On Wednesday, thirty-seven US states’ furious district attorney generals sued Alphabet Inc’s Google on the allegation that the company bought off competitors and uses restrictive contracts to unlawfully maintain a monopoly for its app store on Android phones.
The allegations stem from an investigation involving nearly every US state that began in September 2019 and has already resulted in three other lawsuits against the company. These cases threaten to force major changes in terms of advertising, in-app purchases, and smart home gadgets.

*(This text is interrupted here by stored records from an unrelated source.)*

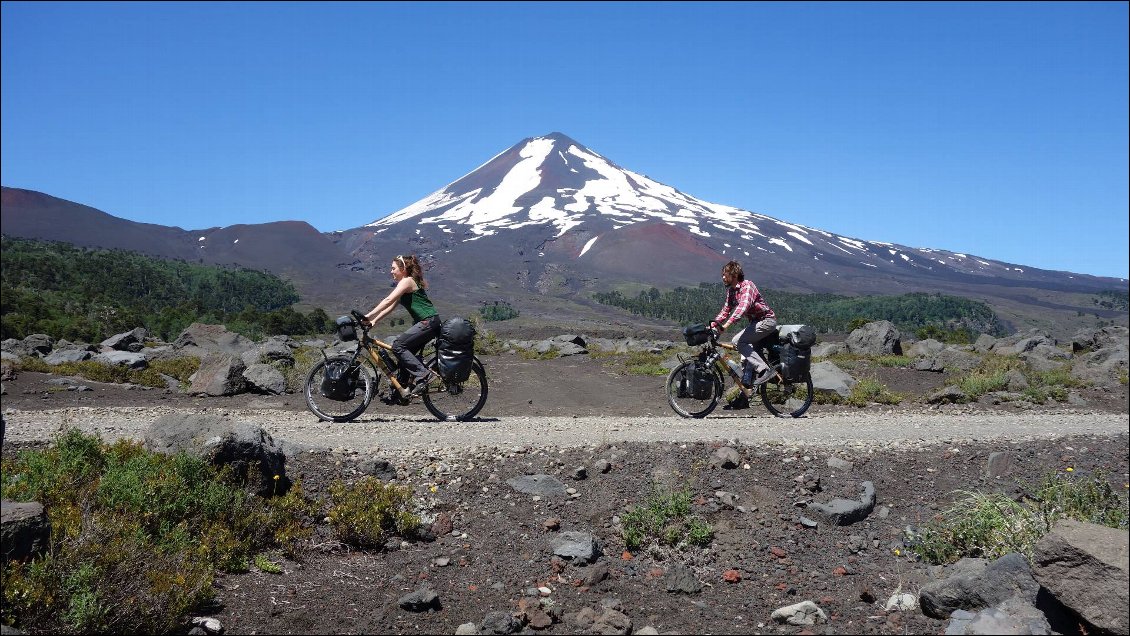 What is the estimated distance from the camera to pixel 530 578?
5.11 m

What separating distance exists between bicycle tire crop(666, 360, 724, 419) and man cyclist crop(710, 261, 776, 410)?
0.35 metres

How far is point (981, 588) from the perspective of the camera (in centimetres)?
446

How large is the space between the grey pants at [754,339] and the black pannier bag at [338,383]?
15.8ft

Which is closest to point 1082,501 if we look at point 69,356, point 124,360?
point 124,360

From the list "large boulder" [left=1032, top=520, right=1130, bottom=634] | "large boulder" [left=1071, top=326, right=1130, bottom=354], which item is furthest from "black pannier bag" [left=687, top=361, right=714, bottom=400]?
"large boulder" [left=1071, top=326, right=1130, bottom=354]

Google stated that the litigation was about boosting a handful of major app developers that want preferential treatment rather than helping small businesses or consumers. It also maintains that Android support competitors to Play Store unlike Apple Inc with its App Store.
The company said in blog post, “Android and Google Play provide openness and choice that other platforms simply don’t.”
The states of Utah, New York, North Carolina and Tennessee argue that Google has made enormous profit margins from Play Store by engaging in illegal tactics to preserve monopolies in selling Android apps and in-app goods. In the US, Google Play accounts for 90% of Android apps downloaded.
The lawsuit stated, “Google leverages its monopoly power with Android to unlawfully maintain its monopoly in the Android app distribution market.”
Google already had lawsuits against it for its actions to promote its services with mobile carriers and smartphones makers, but the fresh new claims happened after reviewing internal company documents. The states accuse the company that it bought off developers and that through numerous secret projects, it intended to pay Samsung Electronics Co whose rival app store posed the biggest threat, but Samsung declined to comment.
Utah attorney general, Sean Reyes, said in a statement, “Google Play is not fair play. It must stop using its monopolistic power and hyper-dominant market position to unlawfully leverage billions of added dollars from smaller companies, competitors and consumers beyond what should be paid.”
The states want the consumers to receive their money back. In addition, they want to stop Google’s payments to Samsung and developers while calling for civil penalties and a court-imposed monitor obto Google.